BRADENTON, Fla. (WFLA) The program set up to handle medical care for survivors of the attacks on Sept. 11, 2001, is running out of money and many of the people who depend on the coverage are running out of patience.
Garrett Lindgren was leaving a Queens firehouse after serving an overtime shift when the attack we saw on television started to unfold in front of him.
“I’m heading over the Triborough Bridge. I hear on the radio there’s a fire at the World Trade Center,” Lindgren recalled. “I saw a massive hole in the side of the North Tower.
The images are still fresh for Lindgren, one of about 450,000 survivors who qualify for coverage under the 2010 World Trade Center Health Program (WTCHP) WTCHP hired Wisconsin-based Logistics Health to run the program.
“I have health issues that just continually remind be of 9/11 between the asthma and the chronic sinusitis and reflux,” Lindgren said. “Little did I know I was going to need two inhalers for the rest of my life.”
Minutes after seeing the North Tower on fire, every New York City firefighter was called in to help.
“My last words to [my wife] was you know I love you,” Lindgren recalled, “And tell the kids I love them.
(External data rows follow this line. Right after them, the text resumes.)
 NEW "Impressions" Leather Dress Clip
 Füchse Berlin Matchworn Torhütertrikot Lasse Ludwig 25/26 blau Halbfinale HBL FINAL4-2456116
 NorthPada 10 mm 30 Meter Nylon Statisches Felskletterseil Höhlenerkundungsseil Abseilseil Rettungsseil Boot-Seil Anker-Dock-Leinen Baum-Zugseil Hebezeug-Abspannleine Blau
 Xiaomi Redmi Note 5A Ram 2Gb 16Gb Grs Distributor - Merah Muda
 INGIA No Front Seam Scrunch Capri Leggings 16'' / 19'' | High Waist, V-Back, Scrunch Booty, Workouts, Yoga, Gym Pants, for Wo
A lot of us were going to die there.”
Lindgren was so determined to get to ground zero to help, he did not focus on a grim reality. Everyone near the attack that morning would inhale toxic dust and smoke for hours.
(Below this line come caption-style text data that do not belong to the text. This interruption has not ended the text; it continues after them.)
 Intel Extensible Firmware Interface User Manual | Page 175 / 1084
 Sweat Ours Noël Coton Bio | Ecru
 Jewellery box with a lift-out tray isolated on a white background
“It was like being inside a burning building where we normally have zero visibility. Only, we’re in the street,” Lindgren said. “We were bumping into overturned ambulances and police cars. There were fire trucks that were on fire and dead silence.”
In that toxic and quiet darkness, on what had been a sunny morning in New York City, Lindgren and his crew searched for survivors.
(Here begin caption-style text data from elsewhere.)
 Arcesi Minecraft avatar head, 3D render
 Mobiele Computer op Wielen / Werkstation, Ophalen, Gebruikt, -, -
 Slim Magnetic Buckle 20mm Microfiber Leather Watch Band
“My whole first day there, I actually had my hands on two stretchers of people that I know for a fact survived,” Lindgren said. “And for one woman I got to just to put my hand on that stretcher and offer her some words of encouragement.”
Nearly 3,000 were killed including 343 firefighters and early on Lindgren was listed as one of the missing.
“So, now I called my wife,” Lindgren said. “When she realized it was me, she said she just fell to her knees in our kitchen. It just overwhelmed her.”
Two decades later, Lindgren is among the survivors who are frustrated by what is not covered by the WTCHP, including toxic neuropathy.
“My arms and my hands and my legs and my feet are heavy all the time. Sometimes they almost feel like they’re made out of concrete,” Lindgren said. “And I’ll just get bolt of pain, like I got hit by lightning out of the blue.”
But not covered at this time by the WTCHP
“The dioxin level that we were exposed to was 100 times higher than any reported exposure ever,” Lindgren said.
He also hears from friends about the program’s inefficiency.
“It’s a million phone calls. He gets a prescription that’s hundreds and hundreds of dollars,” Lindgren said. “And they go to the pharmacy to pick it up and they still didn’t approve it.”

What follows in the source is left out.